Imagine the following scenario: You, as the founder of a business, have spent the past three years building your company. You have been bootstrapping until now, but the company is at a crossroads and in order to grow the company to its full potential, you have decided to turn to venture capital to attract additional funding. Because yours is a younger company, and therefore a riskier investment, your potential investors have decided to conduct thorough due diligence to allay some of their concerns. You suddenly think about the third parties whose intellectual property your company uses in its regular operation – you paid for access to that intellectual property so you are free to use it however and whenever you want, right?

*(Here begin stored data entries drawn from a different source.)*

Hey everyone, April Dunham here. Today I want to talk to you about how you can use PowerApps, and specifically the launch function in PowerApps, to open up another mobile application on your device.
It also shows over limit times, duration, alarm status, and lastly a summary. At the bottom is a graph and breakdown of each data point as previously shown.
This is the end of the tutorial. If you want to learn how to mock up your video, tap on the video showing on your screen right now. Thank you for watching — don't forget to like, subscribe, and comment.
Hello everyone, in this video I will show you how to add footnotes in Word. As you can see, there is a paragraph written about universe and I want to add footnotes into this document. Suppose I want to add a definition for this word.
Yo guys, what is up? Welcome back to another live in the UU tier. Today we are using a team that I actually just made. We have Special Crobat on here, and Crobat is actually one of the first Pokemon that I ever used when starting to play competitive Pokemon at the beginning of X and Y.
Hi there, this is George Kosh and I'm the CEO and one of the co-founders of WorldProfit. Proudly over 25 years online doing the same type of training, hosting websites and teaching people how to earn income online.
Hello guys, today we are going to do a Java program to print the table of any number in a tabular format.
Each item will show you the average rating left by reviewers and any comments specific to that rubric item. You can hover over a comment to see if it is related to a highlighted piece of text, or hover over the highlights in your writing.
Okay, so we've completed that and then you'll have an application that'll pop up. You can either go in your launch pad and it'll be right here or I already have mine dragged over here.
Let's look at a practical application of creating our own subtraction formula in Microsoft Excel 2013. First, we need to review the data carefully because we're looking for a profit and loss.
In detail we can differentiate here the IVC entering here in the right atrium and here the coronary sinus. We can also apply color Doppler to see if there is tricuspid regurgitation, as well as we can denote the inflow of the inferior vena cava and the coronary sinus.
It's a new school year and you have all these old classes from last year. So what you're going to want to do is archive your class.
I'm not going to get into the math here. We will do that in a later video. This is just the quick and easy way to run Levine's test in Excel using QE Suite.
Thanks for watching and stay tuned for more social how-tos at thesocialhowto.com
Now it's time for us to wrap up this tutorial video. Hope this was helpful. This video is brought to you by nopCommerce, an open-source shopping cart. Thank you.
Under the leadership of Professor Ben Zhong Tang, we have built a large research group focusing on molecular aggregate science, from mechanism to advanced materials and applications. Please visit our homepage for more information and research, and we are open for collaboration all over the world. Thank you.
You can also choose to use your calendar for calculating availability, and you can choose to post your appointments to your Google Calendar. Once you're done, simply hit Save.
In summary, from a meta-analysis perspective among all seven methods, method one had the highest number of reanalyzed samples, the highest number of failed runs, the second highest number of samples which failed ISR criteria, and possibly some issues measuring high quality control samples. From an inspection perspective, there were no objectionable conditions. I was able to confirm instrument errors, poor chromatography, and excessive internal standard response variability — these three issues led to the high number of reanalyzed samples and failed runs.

A company’s ability to use intellectual property created by any third party, including employees and independent contractors, is dependent on the rights such company was granted by the third party. Failure to obtain and retain the necessary rights could be disastrous when your company seeks investments, becomes a target for acquisition, or even simply continues to conduct business as usual. While some companies place greater emphasis on intellectual property than others, intellectual property ownership is not solely a concern for those companies whose entire business model revolves around intellectual property.
What is Intellectual Property?
The term “intellectual property” refers to intangible assets of the mind, such as inventions, designs or other creative works, which enjoy particular legal rights and are subject to ownership. The main categories of intellectual property are patent, trademark, copyright and trade secret.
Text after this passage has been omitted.